[DATA FOR REVIEW Boundary: Start]

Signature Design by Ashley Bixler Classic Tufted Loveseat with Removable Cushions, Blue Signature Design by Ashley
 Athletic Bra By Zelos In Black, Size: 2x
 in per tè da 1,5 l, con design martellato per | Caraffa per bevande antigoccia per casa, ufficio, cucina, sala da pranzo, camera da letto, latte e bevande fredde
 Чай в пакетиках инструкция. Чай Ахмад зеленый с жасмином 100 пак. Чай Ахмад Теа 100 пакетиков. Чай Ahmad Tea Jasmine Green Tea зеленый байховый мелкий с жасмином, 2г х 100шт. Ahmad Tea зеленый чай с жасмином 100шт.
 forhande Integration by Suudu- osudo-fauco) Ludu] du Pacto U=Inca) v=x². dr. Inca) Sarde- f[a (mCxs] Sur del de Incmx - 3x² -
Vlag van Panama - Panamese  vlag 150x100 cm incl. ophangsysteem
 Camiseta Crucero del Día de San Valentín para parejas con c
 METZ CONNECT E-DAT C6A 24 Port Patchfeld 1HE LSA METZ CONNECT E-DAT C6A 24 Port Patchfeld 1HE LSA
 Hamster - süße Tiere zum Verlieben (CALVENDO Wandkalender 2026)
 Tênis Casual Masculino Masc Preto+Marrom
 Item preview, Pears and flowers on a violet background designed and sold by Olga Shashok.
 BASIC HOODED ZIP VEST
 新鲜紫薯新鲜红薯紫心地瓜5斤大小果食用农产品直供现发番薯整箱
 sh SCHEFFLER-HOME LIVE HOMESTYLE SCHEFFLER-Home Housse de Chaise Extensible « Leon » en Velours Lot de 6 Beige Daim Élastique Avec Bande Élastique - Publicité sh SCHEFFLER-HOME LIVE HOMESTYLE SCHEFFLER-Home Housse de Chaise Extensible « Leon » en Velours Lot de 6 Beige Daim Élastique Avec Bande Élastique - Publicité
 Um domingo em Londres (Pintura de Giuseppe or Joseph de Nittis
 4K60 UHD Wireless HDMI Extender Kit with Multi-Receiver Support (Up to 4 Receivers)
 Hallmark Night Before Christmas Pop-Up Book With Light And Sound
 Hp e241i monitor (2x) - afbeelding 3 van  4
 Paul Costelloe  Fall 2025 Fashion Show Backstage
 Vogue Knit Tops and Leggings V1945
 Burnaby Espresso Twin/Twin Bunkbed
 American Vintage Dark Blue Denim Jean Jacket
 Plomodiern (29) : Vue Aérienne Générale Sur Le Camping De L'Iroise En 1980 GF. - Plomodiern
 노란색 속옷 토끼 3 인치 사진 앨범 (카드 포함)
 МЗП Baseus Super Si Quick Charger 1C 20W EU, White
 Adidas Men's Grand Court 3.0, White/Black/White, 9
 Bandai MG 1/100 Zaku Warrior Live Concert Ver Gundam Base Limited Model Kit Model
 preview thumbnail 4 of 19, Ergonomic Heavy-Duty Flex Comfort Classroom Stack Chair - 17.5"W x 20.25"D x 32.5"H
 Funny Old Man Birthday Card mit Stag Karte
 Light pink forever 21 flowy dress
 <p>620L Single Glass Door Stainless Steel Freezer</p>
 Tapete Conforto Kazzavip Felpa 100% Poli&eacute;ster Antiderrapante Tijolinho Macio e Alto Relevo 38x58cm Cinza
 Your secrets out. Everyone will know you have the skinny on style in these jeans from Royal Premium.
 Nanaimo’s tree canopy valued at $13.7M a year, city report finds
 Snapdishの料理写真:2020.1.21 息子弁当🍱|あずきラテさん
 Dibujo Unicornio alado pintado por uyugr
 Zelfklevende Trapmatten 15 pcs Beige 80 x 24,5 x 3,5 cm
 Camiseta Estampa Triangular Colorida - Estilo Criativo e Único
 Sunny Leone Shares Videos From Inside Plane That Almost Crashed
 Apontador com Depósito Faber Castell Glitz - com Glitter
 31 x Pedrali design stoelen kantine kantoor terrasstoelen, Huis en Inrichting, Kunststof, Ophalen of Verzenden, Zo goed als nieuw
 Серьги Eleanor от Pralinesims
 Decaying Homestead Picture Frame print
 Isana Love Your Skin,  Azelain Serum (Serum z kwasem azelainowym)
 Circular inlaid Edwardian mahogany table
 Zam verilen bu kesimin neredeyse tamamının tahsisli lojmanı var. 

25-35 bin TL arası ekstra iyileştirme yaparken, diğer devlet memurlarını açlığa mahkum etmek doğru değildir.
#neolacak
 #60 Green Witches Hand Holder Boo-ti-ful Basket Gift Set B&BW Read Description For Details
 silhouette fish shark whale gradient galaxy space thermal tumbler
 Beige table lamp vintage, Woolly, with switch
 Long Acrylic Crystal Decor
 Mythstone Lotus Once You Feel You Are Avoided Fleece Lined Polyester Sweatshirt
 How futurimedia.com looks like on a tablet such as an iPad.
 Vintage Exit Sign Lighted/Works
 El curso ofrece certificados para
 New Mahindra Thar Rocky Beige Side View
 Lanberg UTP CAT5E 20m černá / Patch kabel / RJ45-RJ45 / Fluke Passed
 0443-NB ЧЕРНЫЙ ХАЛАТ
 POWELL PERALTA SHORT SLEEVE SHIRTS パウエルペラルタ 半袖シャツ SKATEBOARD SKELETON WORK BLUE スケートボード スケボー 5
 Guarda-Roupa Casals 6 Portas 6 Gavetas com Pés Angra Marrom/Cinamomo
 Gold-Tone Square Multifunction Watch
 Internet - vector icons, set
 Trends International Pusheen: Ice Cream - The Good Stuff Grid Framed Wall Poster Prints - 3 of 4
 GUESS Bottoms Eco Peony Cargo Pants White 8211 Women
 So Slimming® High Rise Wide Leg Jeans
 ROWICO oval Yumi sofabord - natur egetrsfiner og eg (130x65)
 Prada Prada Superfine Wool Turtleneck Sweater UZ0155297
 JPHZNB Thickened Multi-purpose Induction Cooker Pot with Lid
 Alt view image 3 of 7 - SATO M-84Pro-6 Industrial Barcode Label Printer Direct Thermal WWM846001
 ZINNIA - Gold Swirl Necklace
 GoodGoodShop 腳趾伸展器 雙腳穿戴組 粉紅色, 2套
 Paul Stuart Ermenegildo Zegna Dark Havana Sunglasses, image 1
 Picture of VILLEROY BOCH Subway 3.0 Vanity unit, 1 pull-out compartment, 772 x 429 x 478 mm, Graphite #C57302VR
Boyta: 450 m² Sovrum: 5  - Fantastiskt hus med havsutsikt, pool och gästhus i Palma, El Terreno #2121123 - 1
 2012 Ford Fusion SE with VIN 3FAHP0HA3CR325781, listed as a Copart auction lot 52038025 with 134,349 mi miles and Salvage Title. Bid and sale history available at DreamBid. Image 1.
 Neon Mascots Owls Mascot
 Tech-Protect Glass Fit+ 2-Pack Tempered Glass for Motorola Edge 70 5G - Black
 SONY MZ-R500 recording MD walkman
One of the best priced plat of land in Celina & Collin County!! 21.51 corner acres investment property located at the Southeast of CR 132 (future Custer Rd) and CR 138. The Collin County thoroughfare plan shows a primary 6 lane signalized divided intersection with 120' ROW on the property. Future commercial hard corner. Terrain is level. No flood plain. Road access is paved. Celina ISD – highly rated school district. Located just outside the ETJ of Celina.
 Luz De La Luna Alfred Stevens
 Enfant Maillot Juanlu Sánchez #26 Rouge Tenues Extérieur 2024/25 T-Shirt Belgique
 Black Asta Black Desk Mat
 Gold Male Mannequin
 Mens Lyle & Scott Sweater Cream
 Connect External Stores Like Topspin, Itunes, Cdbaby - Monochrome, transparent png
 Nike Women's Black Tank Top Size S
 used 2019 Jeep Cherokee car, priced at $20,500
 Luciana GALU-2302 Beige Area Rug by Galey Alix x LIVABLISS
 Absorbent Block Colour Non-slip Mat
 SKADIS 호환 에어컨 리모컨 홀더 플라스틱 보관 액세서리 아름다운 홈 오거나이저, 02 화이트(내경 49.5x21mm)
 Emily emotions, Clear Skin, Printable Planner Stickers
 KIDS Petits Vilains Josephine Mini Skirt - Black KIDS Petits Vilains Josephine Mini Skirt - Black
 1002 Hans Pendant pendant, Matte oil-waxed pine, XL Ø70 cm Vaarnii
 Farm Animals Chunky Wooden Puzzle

[DATA FOR REVIEW Boundary: End]

INSTRUCTIONS TO FOLLOW: Copy the entries word for word. Start at the first line and end with the line containing "METZ CONNECT E-DAT C6A 24 Port Patchfeld 1HE LSA METZ".

RESPONSE:
Signature Design by Ashley Bixler Classic Tufted Loveseat with Removable Cushions, Blue Signature Design by Ashley
 Athletic Bra By Zelos In Black, Size: 2x
 in per tè da 1,5 l, con design martellato per | Caraffa per bevande antigoccia per casa, ufficio, cucina, sala da pranzo, camera da letto, latte e bevande fredde
 Чай в пакетиках инструкция. Чай Ахмад зеленый с жасмином 100 пак. Чай Ахмад Теа 100 пакетиков. Чай Ahmad Tea Jasmine Green Tea зеленый байховый мелкий с жасмином, 2г х 100шт. Ahmad Tea зеленый чай с жасмином 100шт.
 forhande Integration by Suudu- osudo-fauco) Ludu] du Pacto U=Inca) v=x². dr. Inca) Sarde- f[a (mCxs] Sur del de Incmx - 3x² -
Vlag van Panama - Panamese  vlag 150x100 cm incl. ophangsysteem
 Camiseta Crucero del Día de San Valentín para parejas con c
 METZ CONNECT E-DAT C6A 24 Port Patchfeld 1HE LSA METZ CONNECT E-DAT C6A 24 Port Patchfeld 1HE LSA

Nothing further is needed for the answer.